It's not a coincidence, and the numbers weren't picked arbitrarily. The scaling was by the standard deviation, in order to match the first two moments of the distributions. Except that really it should have been 2*3d6-10.5, not 11, but
@NotAYakk acknowledged that that was done because AnyDice doesn't like non-integers. I guess we should do 4*3d6-21 vs 2*1d20 and just halve the numbers on the axis. But it won't look hugely different.
Because the relationship is accidental and selected, not by analysis and correct math, but by selection of values that cause parts (PARTS!) of the curves to look similar.
Rescaling doesn't make the two distributions identical, but it does self-evidently make them more similar than before the scaling. Probabilists and statisticians of a more theoretical bent do this sort of thing all the time: approximate one distribution with another by matching lower order moments and then show that the error (measured by cumulative probabilities) is bounded by a function of the higher order moments.

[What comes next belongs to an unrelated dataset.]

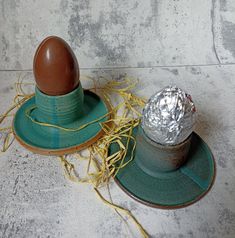 an egg sitting on top of a green plate next to a tin foil covered cup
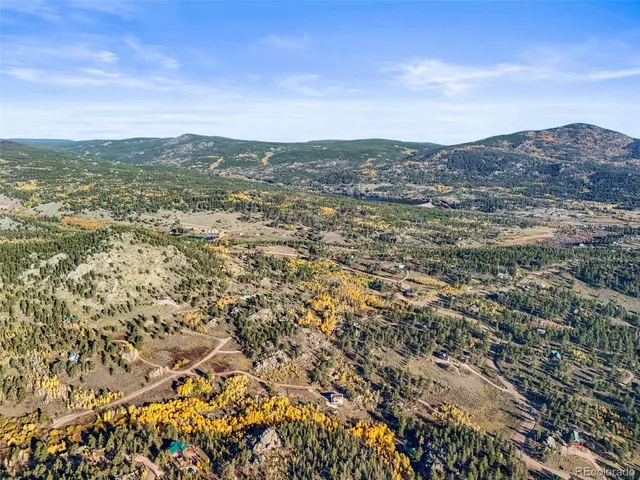 an aerial view of residential houses with outdoor space and trees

No, rescaling, arbitrary centering, eliminating 1/3 of the data points of one distribution, and then comparing 10 data points to 20 data points makes those look similar. The only decision made here that is remotely based on actual characteristics of the curves was the rescaling, which is questionable (because multiplying the 3d6 distribution gives data points spaced 2 apart which you then compare against data spaced 1 apart). After that it's literally making choices to achieve the goal of making the curves look similar.
I'm not sure why the comparison to the non-standard-deviation-matched version of the distribution is relevant to the argument. (I assume also that you mean CDFs rather than PDFs? Not trying to be pedantic, just make sure I'm following you)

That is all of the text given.